— Work task —
Only the lines from the one with "INDESIT UI4 F1T W Congélateur Vertical Blanc" through the last line of the material below belong in the answer, copied exactly and without pictures.

— Provided records —
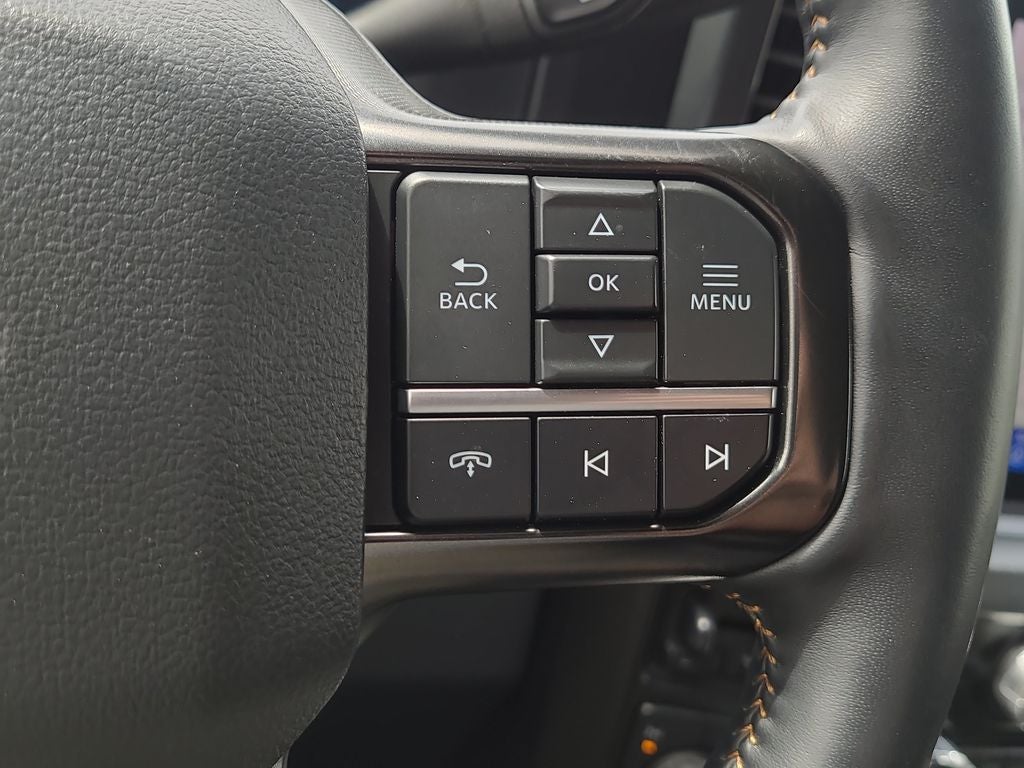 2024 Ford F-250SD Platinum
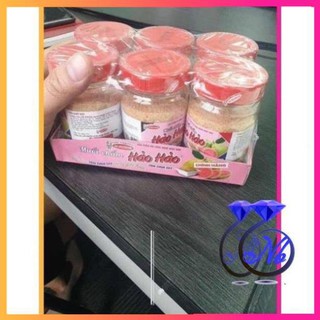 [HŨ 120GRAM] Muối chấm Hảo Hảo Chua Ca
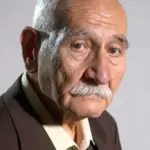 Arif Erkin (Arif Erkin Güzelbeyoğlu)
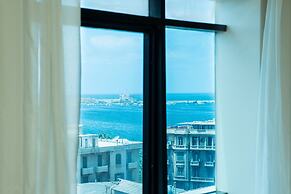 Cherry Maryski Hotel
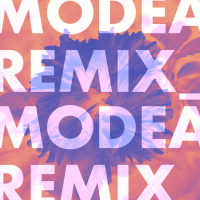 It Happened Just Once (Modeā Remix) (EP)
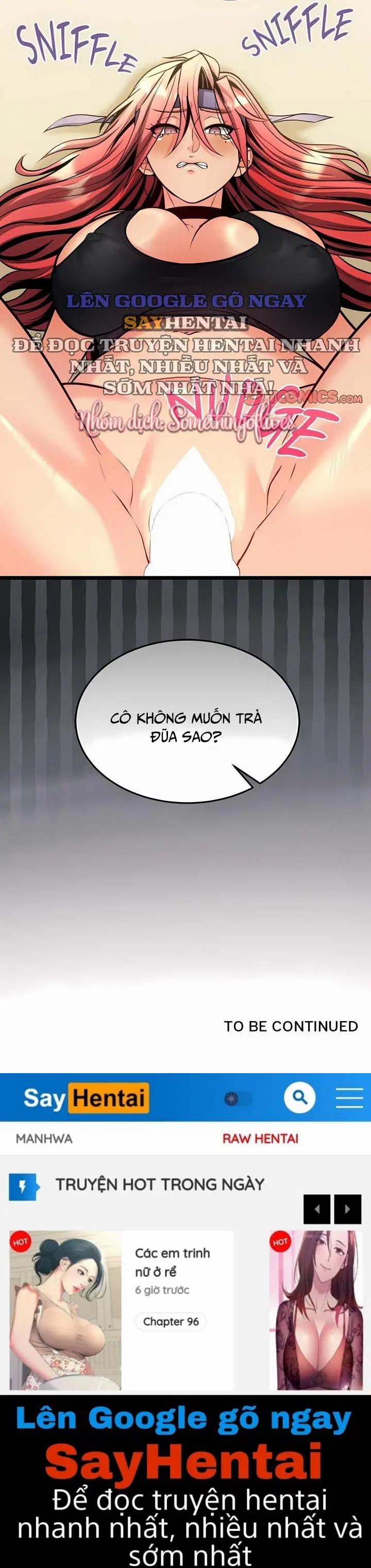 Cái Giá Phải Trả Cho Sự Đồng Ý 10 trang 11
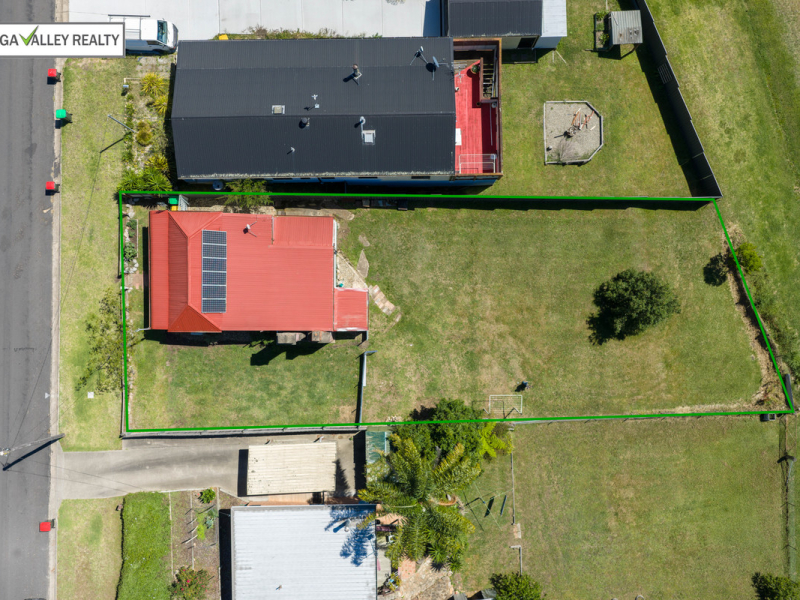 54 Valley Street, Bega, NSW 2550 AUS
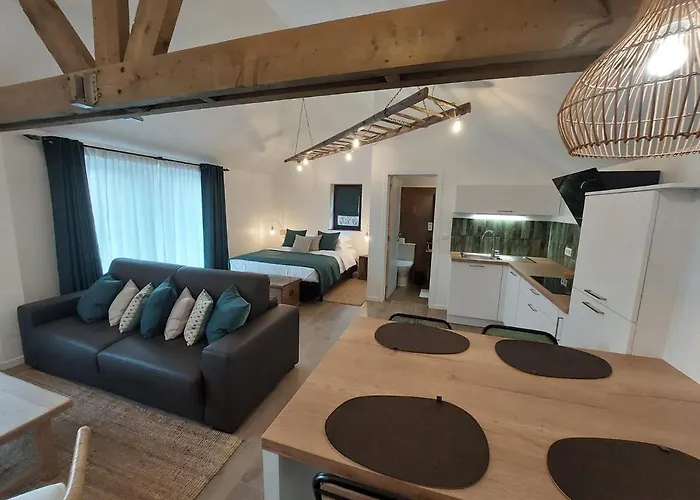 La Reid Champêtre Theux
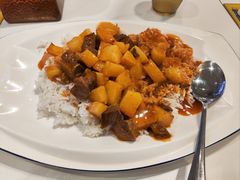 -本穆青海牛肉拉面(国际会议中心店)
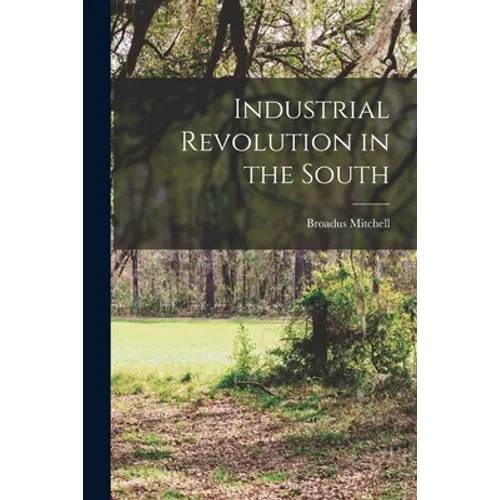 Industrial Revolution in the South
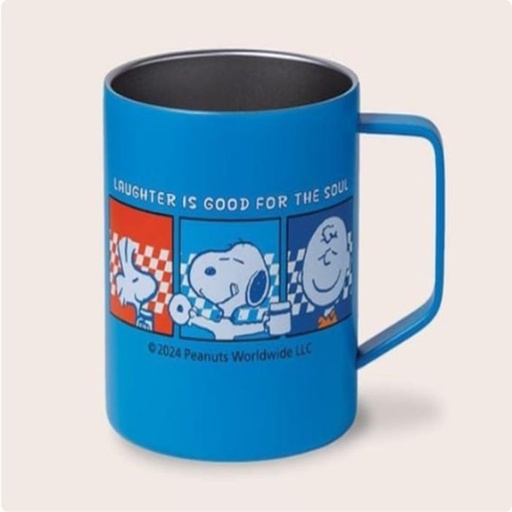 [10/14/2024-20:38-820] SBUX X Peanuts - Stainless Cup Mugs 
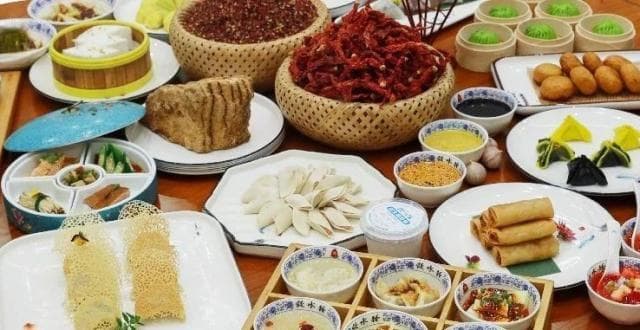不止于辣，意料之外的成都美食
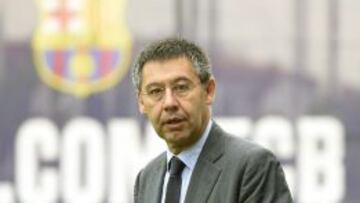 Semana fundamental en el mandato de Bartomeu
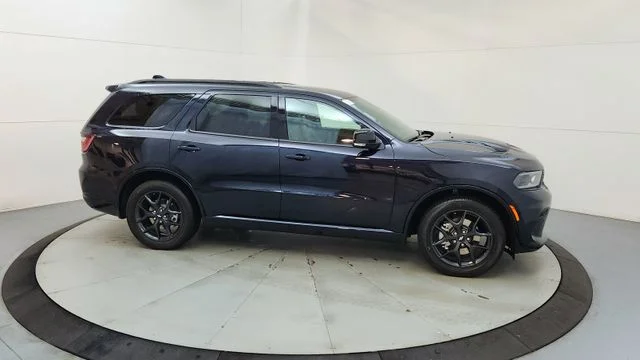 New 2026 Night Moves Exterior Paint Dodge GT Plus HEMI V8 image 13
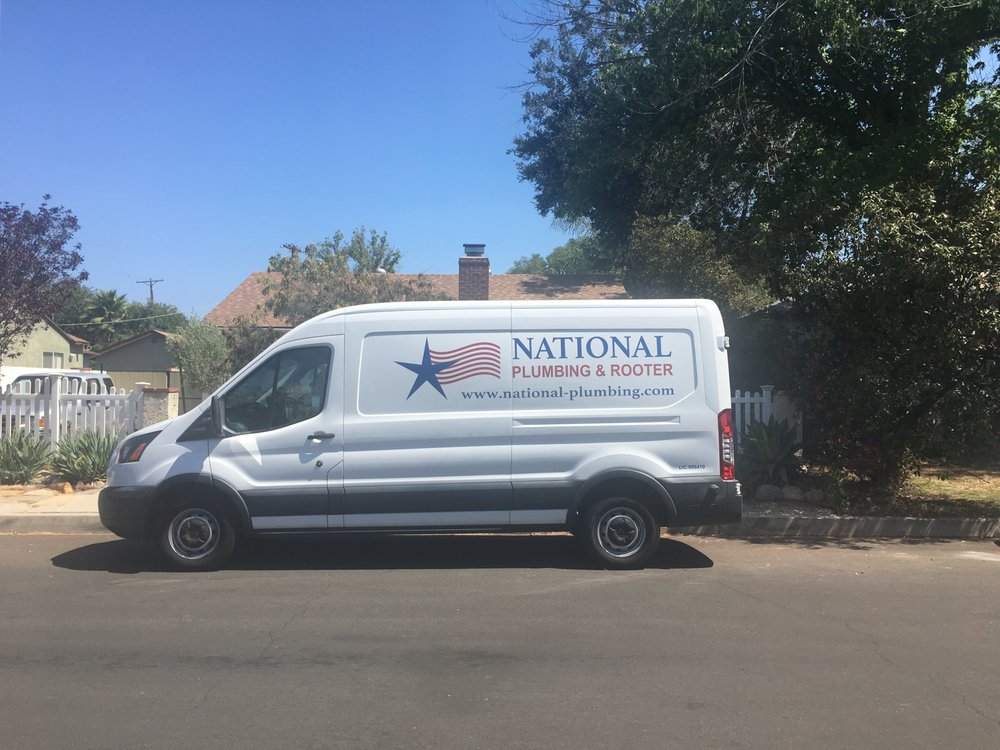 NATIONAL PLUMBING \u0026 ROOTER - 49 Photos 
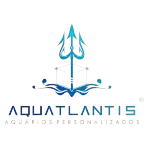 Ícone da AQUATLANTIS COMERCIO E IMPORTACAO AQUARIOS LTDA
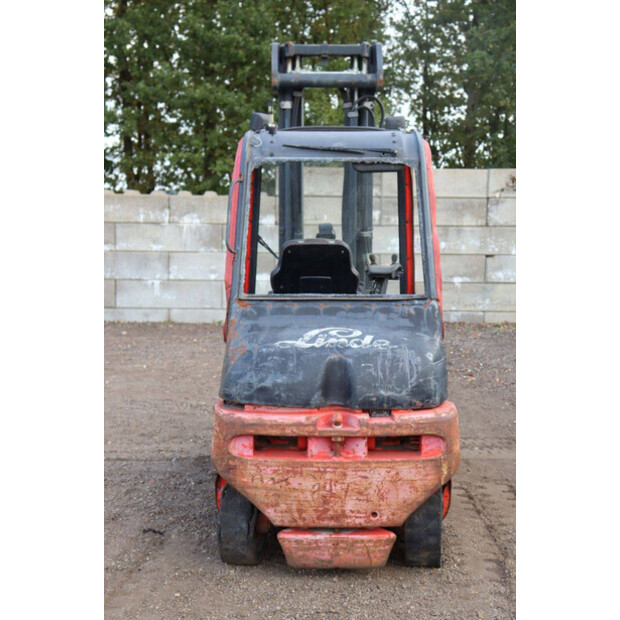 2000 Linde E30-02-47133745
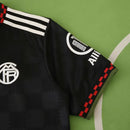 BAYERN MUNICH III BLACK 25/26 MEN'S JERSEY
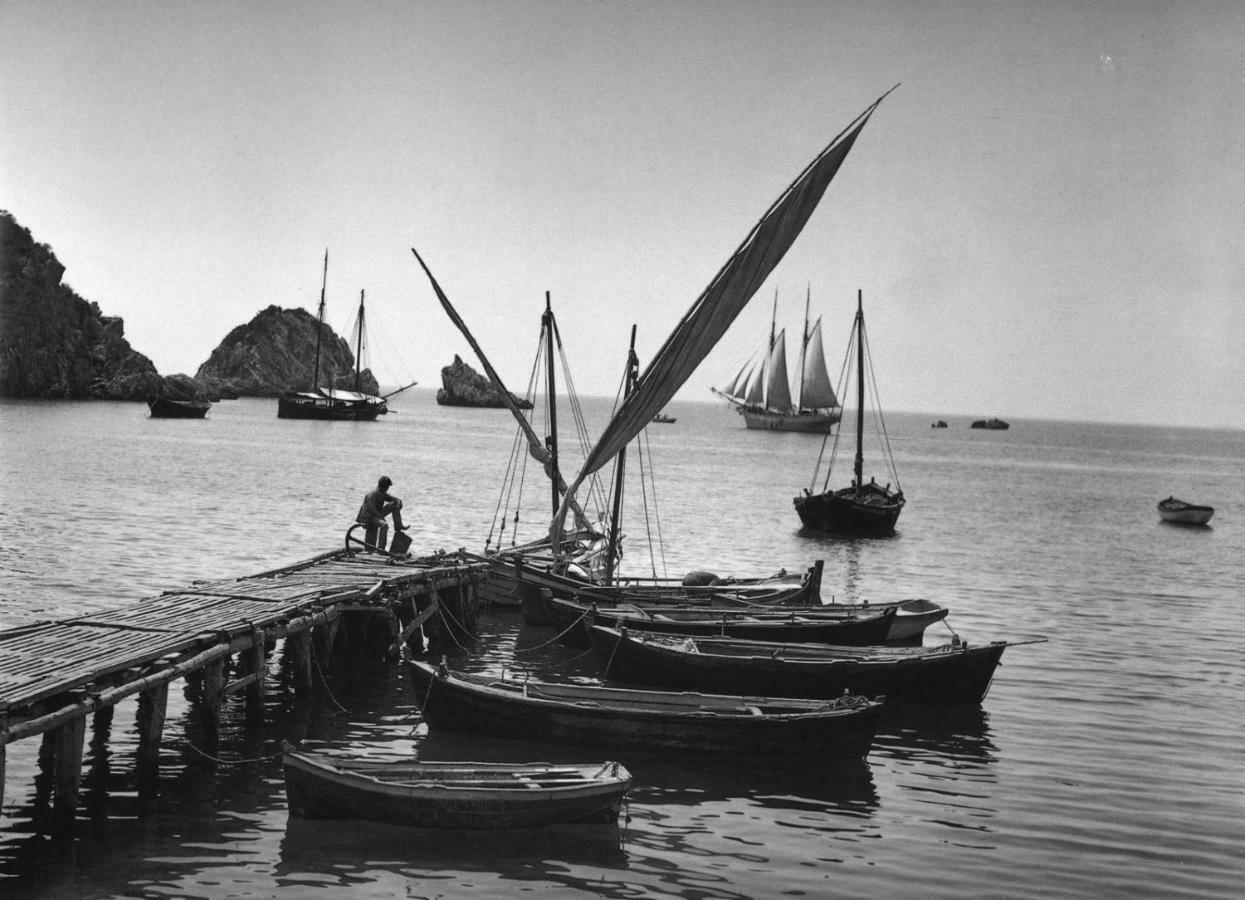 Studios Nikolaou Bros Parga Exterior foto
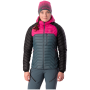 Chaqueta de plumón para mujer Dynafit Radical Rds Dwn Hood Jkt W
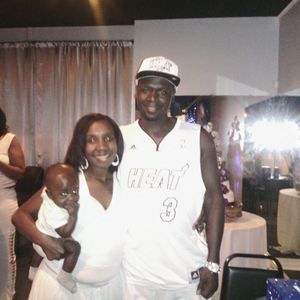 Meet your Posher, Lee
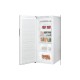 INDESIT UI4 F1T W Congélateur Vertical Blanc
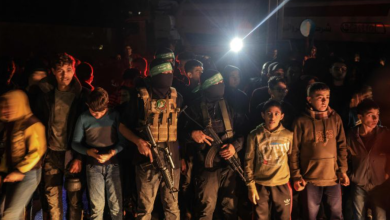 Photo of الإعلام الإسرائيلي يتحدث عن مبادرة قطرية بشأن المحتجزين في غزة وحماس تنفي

— Expected answer —
 INDESIT UI4 F1T W Congélateur Vertical Blanc
 Photo of الإعلام الإسرائيلي يتحدث عن مبادرة قطرية بشأن المحتجزين في غزة وحماس تنفي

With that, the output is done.